Media Views XML

Media Views was FAIR's annotated newswire - a forum for featuring interesting media criticism, media news and reporting that we thought merited comment.

The Media Views format is now retired. FAIR will continue to post analysis and critique, information on breaking stories, news updates, criticism, commentary and more on the FAIR Blog. Click here to join in the conversation.

Our past collection of Media Views will remain as an archived resource on this website.

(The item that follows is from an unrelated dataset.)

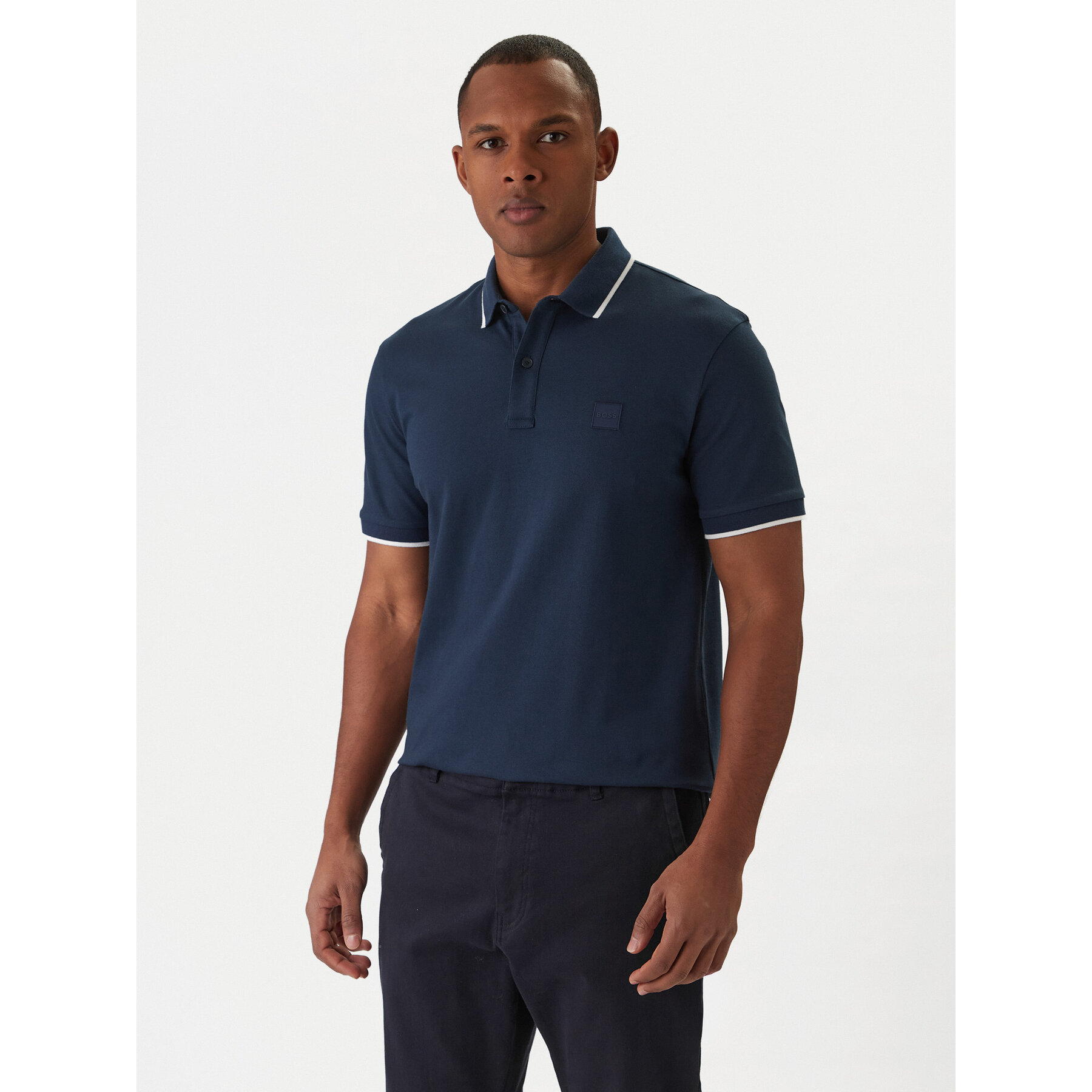 BOSS Polo Passertip 50507699 Granatowy Slim Fit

UncountedTheMovie.com: Must Read: Influx of Voters Expected to Test New Technology (7/21/08) by Mary Mancini

A co-producer of the Uncounted 2004 election documentary expresses gratitude for a New York Times article warning of likely problems with the 2008 tally: "Although it doesn't offer concrete solutions, it is a must-read for every voter"—but Mancini finds that "while it is thorough, there are a few red flags." After noting that the Times' advice for voters to "check their registration with election officials at least two weeks before the polls open" is "too late, especially in states where the cut off for registering is at least a month before the election," Mancini then takes issue with a line describing how "shortages of paper ballots or electronic machines have been a common cause of long lines and people leaving the polling places without voting":

What this excerpt leaves out is that in the past—particularly in Ohio in 2004—voting machines were distributed in such a way as to create a modern day Jim Crow effect—systematically eliminating the votes of minorities. (Watch the Uncounted Jim Crow Segment for more detail).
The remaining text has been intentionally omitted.